Outro trabalho nessa área foi realizado por Figueiredo e colaboradores, em 2021, no qual foram obtidos os dados de equilíbrio líquido-líquido de SABs formados pelos mesmos sais de tiocianato e o surfactante não iônico triton X-100 [19]. Assim como nos sistemas reportados por Hespanhol e colaboradores, os SABs formados por triton X-100 e sais de tiocianato apresentaram a fase enriquecida no surfactante contendo uma elevada concentração de sal, independente do comprimento da linha de amarração do sistema.

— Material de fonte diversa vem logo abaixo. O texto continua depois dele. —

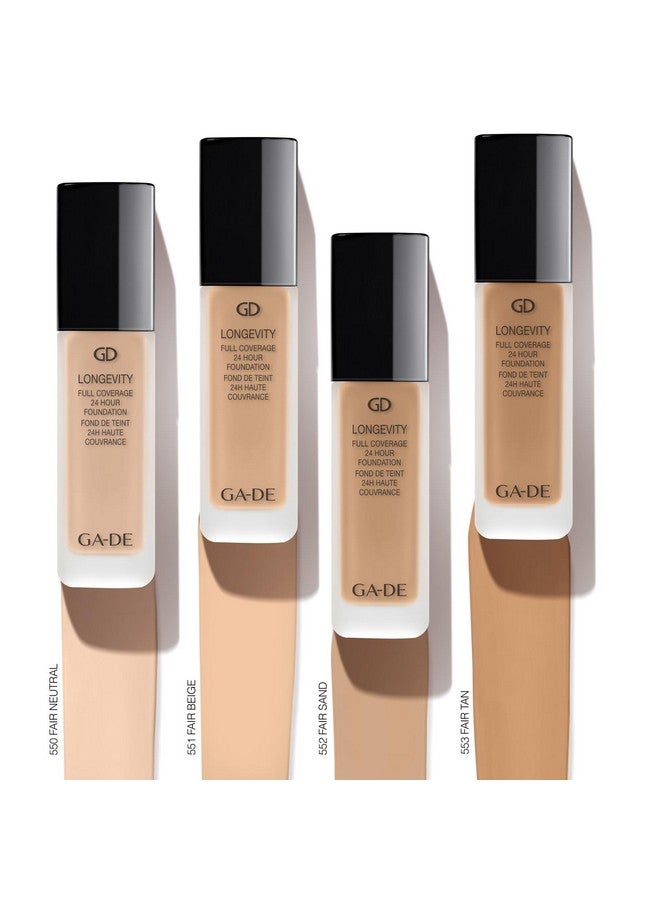 Longevity Full Coverage 24 Hour Foundation 553 Fair Tan 30 Ml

Entretanto, as quantidades de surfactante presentes na fase pobre nesse componente foram muito menores no sistema de triton X-100 em comparação com os sistemas de copolímero. Além disso, para todos os SABs relatados nesse trabalho, o aumento da temperatura promoveu um pequeno aumento da região bifásica do SAB, sendo que a magnitude do efeito da temperatura sobre o tamanho da região bifásica foi dependente do cátion formador do sal. SABs formados por NaSCN apresentaram um efeito mais pronunciado da temperatura sobre o tamanho da região bifásica, enquanto que um efeito menos intenso foi verificado nos SABs formados por NH4SCN e KSCN, indicando que, além de as diferentes estruturas dos sais investigados interagirem com magnitudes

14 diferentes com as moléculas de água no SAB, as respectivas interações água-sal são diferentemente afetadas pelo aumento da temperatura.

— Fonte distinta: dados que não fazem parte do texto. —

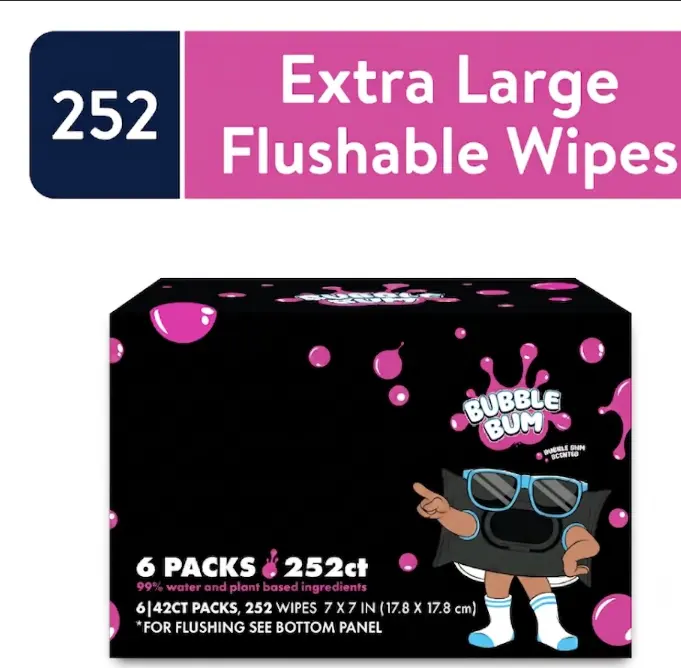 Flushable Wipes, Extra Large Bubble Bum Wet Wipes, Bubble Gum Scent, 252 Count, 6 Pack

Além do comportamento de fase particular exibido por esses sistemas, sua aplicação tem sido demonstrada para extração de íons metálicos como evidenciado recentemente por Ferreira e colaboradores [18], que utilizaram sistemas formados por copolímeros tribloco e sais de tiocianato para extração de cobalto, ferro e níquel. Nesse trabalho, a extração desses íons metálicos foi estudada sem o uso de qualquer agente auxiliar de complexação. Os autores observaram que a extração do metal para a fase rica em copolímero envolveu a formação de um complexo entre os íons metálicos e o ânion tiocianato, sendo a extração dependente da hidrofobicidade e do tamanho da macromolécula, da estrutura do eletrólito e do pH. Uma vez que a formação do complexo entre os íons metálicos e o ânion tiocianato é favorecida em meio ácido ou neutro, a extração dos metais também foi favorecida nessa condição. Além disso, uma maior extração foi alcançada no SAB formado com o copolímero de maior hidrofobocidade, sugerindo que interações hidrofóbicas estão envolvidas na extração dos íons metálicos.

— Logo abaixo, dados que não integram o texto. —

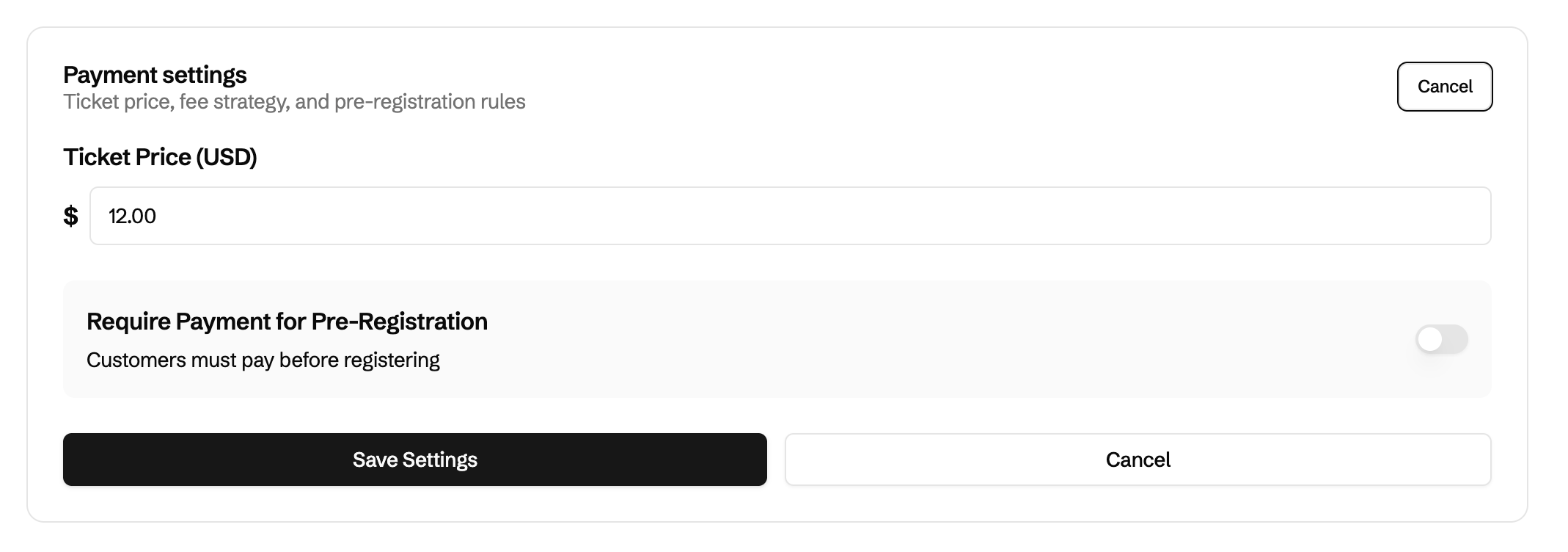 Payment settings with ticket price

Por fim, a alteração do cátion formador do sal no SAB afetou as interações eletrostáticas e os processos de transferência de carga entre os complexos metálicos e a macromolécula carregada positivamente, o que também afetou a extração dos metais. Diante dos comportamentos de fase particulares apresentados por SABs formados por surfactantes não iônicos e sais de tiocianato e suas potenciais aplicações em processos de extração, torna-se relevante o estudo de novos SABs formados por esses sais e outros surfactantes não iônicos, podendo-se destacar o uso de surfactantes da família triton X com maior equilíbrio hidrofílico-lipofílico tais como os surfactantes triton X-165 e triton X-305.

Nesse trabalho, novos dados de equilíbrio são obtidos para SABs formados pela combinação desses surfactantes com os sais KSCN, NaSCN e NH4SCN.